Immigration Blues: Born in the USA—Mental-health deficit
By Bruce Bower
Immigrants to the land of the free may, simply by moving here, end up taxing the mental health of their U.S.–born offspring. A wide array of psychological disorders occurs at a much higher rate among Mexican Americans born in the United States than among Mexican Americans born in Mexico, a national study finds. A nearly equivalent disparity separates foreign-born from U.S.–born non-Hispanic whites, conclude epidemiologist Bridget F. Grant of the National Institute on Alcohol Abuse and Alcoholism in Bethesda, Md., and her coworkers.
The new findings indicate that the stress encountered by new immigrants, often a function of poverty and cultural unfamiliarity, doesn’t provoke psychiatric disorders. At least for foreign-born Mexican Americans, access to traditional avenues of psychological and financial support from their extended families, whether in Mexico or the United States, may partly protect mental health, the researchers say.
Their results, published in the December Archives of General Psychiatry, add to evidence that the mental and physical health of immigrants from various countries and their children deteriorates with increasing assimilation to a U.S. lifestyle (SN: 9/19/98, p. 180: https://www.sciencenews.org/pages/sn_arc98/9_19_98/fob1.htm).
“It’s time to ask hard questions about why the physical and mental health of immigrants to the United States has been declining over the last few decades,” remarks Arthur M. Kleinman, a psychiatrist and anthropologist at Harvard University.
Grant’s team analyzed data from psychiatric interviews conducted throughout the United States in 2001 and 2002 with 43,093 people, age 18 or older. That total included 4,558 Mexican Americans, about equally split between foreign and U.S. born. Of the more than 24,000 non-Hispanic whites in the study, 1,541 were foreign born.
Among U.S.–born participants, about 48 percent of Mexican-Americans and 53 percent of non-Hispanic whites had developed at least one psychiatric disorder at some time. The conditions included alcohol and drug disorders, major depression, a mild form of depression called dysthymia, mania, panic disorder, social phobia, and general anxiety disorder.
Among foreign-born participants, psychiatric disorders had afflicted only about 29 percent of Mexican Americans and 32 percent of non-Hispanic whites.
In the most striking disparity, illicit drug disorders had occurred in 12 percent of U.S.–born Mexican Americans, compared with 1.7 percent of their foreign-born counterparts.

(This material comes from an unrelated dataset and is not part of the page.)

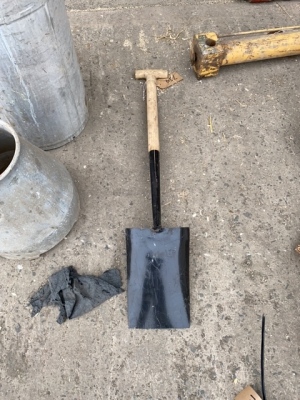 New spade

Even transported to another country, traditional Mexican-American culture apparently bolsters psychological fitness in poorly understood ways, the scientists assert. Although foreign-born Mexican Americans displayed only slightly lower rates of psychiatric disorders than non-Hispanic white immigrants did, Mexican Americans born in the United States enjoyed a clear mental health advantage over U.S.–born non-Hispanic whites, the researchers say.
Low rates of psychiatric disorders among foreign-born Mexican Americans may partly reflect the movement of migrant workers back and forth between Mexico and the United States, Kleinman notes.
Whatever factors influence the mental-health measures in the new report, Grant’s team has tapped into a burgeoning phenomenon. Census Bureau data show that the nation’s immigrant population, legal and illegal, reached a record of more than 34 million in March 2004, an increase of 4.3 million since 2000. Mexico accounts for nearly one-third of new U.S. immigrants.